Ring in a healthy New Year with this high protein option for Black-eyed Pea Soup! It is a Southern tradition to consume black-eyed peas on New Year’s day to bring you luck for the coming year. Enjoy this for yourself, or share with loved ones. This recipe serves 6-8 and would be great for lunch.
(Nutrition is based on 6 equal servings)
- 2 tsp olive oil
- 12 oz reduced-fat chicken or turkey garlic sausage, sliced about 3/8 inch thick
- 1 large onion, chopped
- 1 tbsp finely minced fresh garlic
- 1 tsp. dried thyme
- 1/2 tsp. dried oregano
- 16 oz. frozen black-eyed peas
- 6 cups chicken stock or broth
- 1 cup water (and more as needed)
- 1 red bell pepper, seeds removed and finely diced
- 1 green bell pepper, seeds removed and finely diced
- salt and fresh ground black pepper to taste
- 2 tbsp sherry vinegar
- Heat 2 tsp. olive in oil in a large soup pot and saute the sausage over medium-high heat until it’s nicely browned on all sides, about 6-8 minutes.
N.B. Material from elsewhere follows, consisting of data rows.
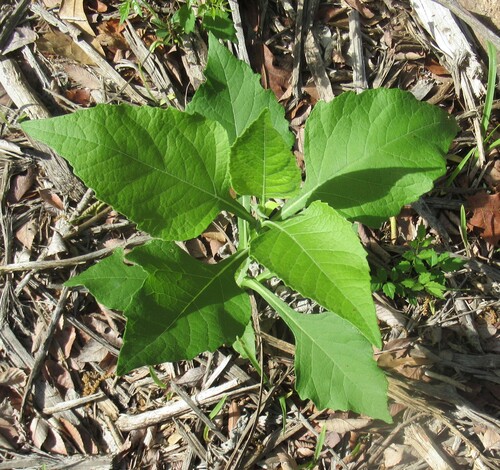 frostweed (Verbesina virginica)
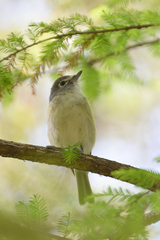 Vireo cassinii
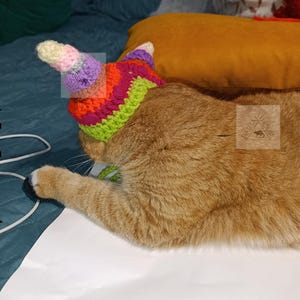 May include: A ginger cat wearing a colorful, crocheted unicorn horn hat. The hat features a green brim, with stripes of orange, pink, purple, and yellow. The cat is lying on a white surface, with a blue and yellow background.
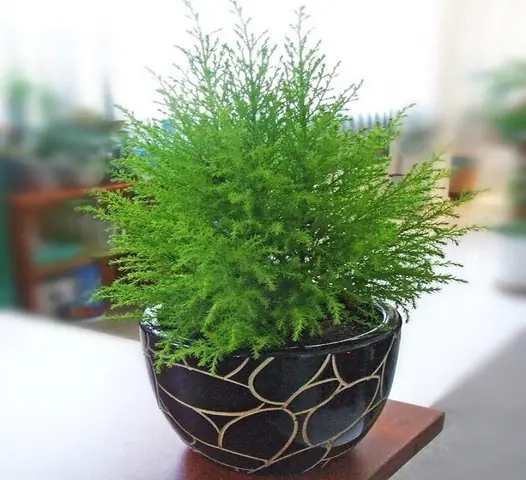 Cách Trồng Cây Tùng Lá Kim: Hướng Dẫn Chi Tiết Từ A-Z, Chăm Sóc Và Ý Nghĩa Phong Thủy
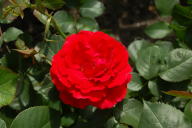 Rose Heckenfeuer Foto Wikipedia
- Remove sausage to a bowl and set aside.
- While the sausage browns, chop the onion and mince the garlic. After you remove the sausage, turn heat to medium and add 2 tsp. more olive oil. When the oil is hot add the onions and saute until partially softened, about 3-4 minutes. Then add the minced garlic, dried thyme, and dried oregano and saute a minute or two more.
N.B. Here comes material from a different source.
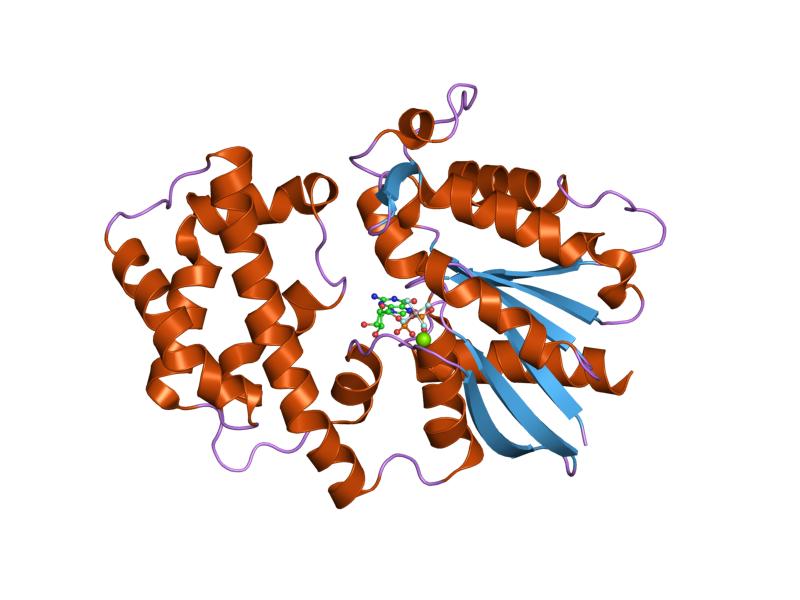 File:PDB 1svk EBI.jpg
- Add the frozen black-eyed peas, chicken stock, and 1 cup water and bring to a low boil. Turn heat to low and simmer about 30 minutes, or until the peas are starting to soften.
- When the peas are partly soft, add the diced red and green bell peppers and sausage and simmer about 45 minutes more, or until the peas are done to your liking. If the soup seems too thick, add a little more water as it cooks.
- Season the soup with salt and fresh ground black pepper to taste and stir in the 2 tbsp sherry vinegar. Serve hot.
Not only are black-eyed peas said to bring good luck in the New Year, but they are also a great source of protein and do wonders for blood pressure.